__WHAT IS REQUIRED__. Return the lines below in which the string "Shirt" occurs.
[Opening DATA SECTION section]
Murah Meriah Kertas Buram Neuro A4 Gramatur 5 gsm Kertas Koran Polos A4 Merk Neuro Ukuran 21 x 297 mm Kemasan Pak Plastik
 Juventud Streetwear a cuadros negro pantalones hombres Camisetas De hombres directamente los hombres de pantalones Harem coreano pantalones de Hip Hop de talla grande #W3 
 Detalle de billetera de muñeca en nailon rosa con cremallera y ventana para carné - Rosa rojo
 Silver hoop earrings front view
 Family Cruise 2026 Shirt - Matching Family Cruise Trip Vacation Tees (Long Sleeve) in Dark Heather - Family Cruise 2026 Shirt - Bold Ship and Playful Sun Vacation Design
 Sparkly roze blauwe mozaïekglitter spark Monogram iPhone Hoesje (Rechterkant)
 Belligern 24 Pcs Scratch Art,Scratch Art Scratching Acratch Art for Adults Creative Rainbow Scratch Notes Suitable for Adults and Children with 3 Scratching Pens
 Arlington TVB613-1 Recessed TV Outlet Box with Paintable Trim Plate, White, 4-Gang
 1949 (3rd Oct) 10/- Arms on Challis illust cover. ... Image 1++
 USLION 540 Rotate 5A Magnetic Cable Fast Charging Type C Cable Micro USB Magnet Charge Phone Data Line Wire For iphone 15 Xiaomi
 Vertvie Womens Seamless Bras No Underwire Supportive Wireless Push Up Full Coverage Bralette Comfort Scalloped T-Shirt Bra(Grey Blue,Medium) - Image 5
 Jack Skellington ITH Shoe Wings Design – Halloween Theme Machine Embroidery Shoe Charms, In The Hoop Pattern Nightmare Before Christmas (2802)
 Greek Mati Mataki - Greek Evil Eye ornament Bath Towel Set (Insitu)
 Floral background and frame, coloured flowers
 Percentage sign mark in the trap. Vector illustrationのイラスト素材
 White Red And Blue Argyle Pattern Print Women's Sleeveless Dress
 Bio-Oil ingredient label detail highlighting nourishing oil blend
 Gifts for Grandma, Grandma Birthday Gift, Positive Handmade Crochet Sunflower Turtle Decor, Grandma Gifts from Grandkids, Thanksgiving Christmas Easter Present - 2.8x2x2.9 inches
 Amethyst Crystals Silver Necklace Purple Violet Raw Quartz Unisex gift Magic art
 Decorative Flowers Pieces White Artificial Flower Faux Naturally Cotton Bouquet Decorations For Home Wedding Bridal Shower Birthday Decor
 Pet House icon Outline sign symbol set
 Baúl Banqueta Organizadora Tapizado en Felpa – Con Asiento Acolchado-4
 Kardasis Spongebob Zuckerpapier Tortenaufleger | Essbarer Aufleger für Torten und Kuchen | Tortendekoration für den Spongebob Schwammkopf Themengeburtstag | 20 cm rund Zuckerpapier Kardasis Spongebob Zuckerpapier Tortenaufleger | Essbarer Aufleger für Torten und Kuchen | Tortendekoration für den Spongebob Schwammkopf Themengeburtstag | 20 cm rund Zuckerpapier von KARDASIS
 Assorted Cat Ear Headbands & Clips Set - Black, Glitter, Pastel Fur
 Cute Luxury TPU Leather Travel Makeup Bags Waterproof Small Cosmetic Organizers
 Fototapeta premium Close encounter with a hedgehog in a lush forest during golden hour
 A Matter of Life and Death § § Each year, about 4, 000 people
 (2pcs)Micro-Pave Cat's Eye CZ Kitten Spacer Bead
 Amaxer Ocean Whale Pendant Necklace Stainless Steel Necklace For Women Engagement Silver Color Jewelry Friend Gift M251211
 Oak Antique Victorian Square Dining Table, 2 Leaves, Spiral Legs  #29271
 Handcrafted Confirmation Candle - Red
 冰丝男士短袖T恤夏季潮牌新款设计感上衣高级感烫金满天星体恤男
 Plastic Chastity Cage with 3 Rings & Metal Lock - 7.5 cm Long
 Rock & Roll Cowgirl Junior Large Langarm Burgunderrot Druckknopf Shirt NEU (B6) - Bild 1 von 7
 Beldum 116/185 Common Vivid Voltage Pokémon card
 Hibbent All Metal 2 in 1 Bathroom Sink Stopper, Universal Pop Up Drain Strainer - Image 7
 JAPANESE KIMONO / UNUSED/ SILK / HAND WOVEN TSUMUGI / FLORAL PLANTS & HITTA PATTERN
[Closing DATA SECTION section]
__RESULT OF THE TASK__.
 Family Cruise 2026 Shirt - Matching Family Cruise Trip Vacation Tees (Long Sleeve) in Dark Heather - Family Cruise 2026 Shirt - Bold Ship and Playful Sun Vacation Design
 Vertvie Womens Seamless Bras No Underwire Supportive Wireless Push Up Full Coverage Bralette Comfort Scalloped T-Shirt Bra(Grey Blue,Medium) - Image 5
 Rock & Roll Cowgirl Junior Large Langarm Burgunderrot Druckknopf Shirt NEU (B6) - Bild 1 von 7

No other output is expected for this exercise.